Lenti lead the team to multiple historic streaks for the franchise with an 18-game winning streak in 2014, 19-games in 2001, and the largest in 2007 with 20 straight wins. The Blue Demons became ranked #14 in the nation, however their streak was broken by Loyola Chicago in the teams first success over DePaul since 1995. The team would again fall to the future national champs, Arizona, in the tournament's Second Round, finishing 5th. By 2015 Lenti had become ranked seventh in wins in the history of college softball. His final record at DePaul was 1,236-604-6 (.671).

====Allegations====
According to sports psychologist Dr. Jenny Conviser, allegations surrounding Lenti both verbally and physically abusing players, as well as his assistant coaches arose in 2016. Due to DePaul's Title IX and Board of Trustees not following up on said allegations, Lenti was never investigated further and abruptly retired on June 12, 2018. However, in 2019 Lenti announced he was leaving retirement following an offered position by Auburn University. Starting the 2020 season, Lenti became an assistant coach at Auburn.

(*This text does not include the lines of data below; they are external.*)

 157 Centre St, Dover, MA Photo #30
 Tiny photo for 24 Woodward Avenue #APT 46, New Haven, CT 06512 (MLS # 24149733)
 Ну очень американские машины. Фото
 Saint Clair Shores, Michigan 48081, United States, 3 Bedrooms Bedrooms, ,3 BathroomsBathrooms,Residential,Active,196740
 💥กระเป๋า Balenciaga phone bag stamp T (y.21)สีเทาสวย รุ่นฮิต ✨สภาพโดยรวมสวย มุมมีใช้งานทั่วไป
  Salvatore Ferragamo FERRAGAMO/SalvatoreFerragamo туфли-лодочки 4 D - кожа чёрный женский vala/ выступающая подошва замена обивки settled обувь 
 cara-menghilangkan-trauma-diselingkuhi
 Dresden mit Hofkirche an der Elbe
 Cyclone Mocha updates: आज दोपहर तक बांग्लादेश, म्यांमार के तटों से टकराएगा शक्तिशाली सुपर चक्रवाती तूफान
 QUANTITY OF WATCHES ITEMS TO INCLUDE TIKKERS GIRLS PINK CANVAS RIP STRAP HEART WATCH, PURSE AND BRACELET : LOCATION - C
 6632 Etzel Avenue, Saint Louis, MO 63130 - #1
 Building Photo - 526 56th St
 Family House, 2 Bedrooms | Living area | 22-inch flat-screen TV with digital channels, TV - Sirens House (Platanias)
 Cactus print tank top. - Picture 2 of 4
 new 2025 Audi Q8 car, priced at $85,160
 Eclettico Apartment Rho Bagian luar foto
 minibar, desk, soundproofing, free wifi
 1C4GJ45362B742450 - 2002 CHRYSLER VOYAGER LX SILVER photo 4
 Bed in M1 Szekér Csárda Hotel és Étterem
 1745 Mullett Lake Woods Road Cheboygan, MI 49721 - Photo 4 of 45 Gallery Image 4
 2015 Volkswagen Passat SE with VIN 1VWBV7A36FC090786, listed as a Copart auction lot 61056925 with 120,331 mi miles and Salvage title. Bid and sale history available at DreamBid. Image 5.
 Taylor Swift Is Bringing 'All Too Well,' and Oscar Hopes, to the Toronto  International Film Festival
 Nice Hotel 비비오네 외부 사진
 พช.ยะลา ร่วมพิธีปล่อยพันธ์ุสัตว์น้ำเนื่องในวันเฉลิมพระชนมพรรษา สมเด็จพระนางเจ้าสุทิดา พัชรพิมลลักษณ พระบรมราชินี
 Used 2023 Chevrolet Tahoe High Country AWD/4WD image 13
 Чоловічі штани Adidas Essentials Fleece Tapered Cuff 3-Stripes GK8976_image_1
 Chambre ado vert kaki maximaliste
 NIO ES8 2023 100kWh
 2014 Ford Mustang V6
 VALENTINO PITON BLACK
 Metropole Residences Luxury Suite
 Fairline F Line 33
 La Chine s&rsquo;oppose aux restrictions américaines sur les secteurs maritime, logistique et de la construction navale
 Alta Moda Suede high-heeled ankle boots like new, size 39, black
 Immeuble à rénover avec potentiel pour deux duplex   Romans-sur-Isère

===Tracie Adix-Zins era (2019–2024)===
Beginning in 2019, Adix-Zins would begin her six-year term as coach. Despite a small uptick during the 2021 season, following the suspended 2020 season due to the COVID-19 pandemic, the team would experience increasingly worse records. In 2024 the team would finish just 9―39 (.191), making it the worst (full) season in program history. She was soon fired by the university. She would ultimately become the head coach for the Division III Blue Jays at Elmhurst University.

===Liz Bouck-Jagielski era (2025–present)===
After a tenure as the assistant coach at Roosevelt University, it was announced on June 11, 2024, that Liz Bouck-Jagielski would serve as the team's next head coach. She played softball at DePaul from 2000 to 2003 and served as an assistant coach from 2004 to 2011. The Blue Demons managed to finish the 2025 season with an overall record of 16―32 (.421), seen as a major step forward for the ongoing rebuild of the team.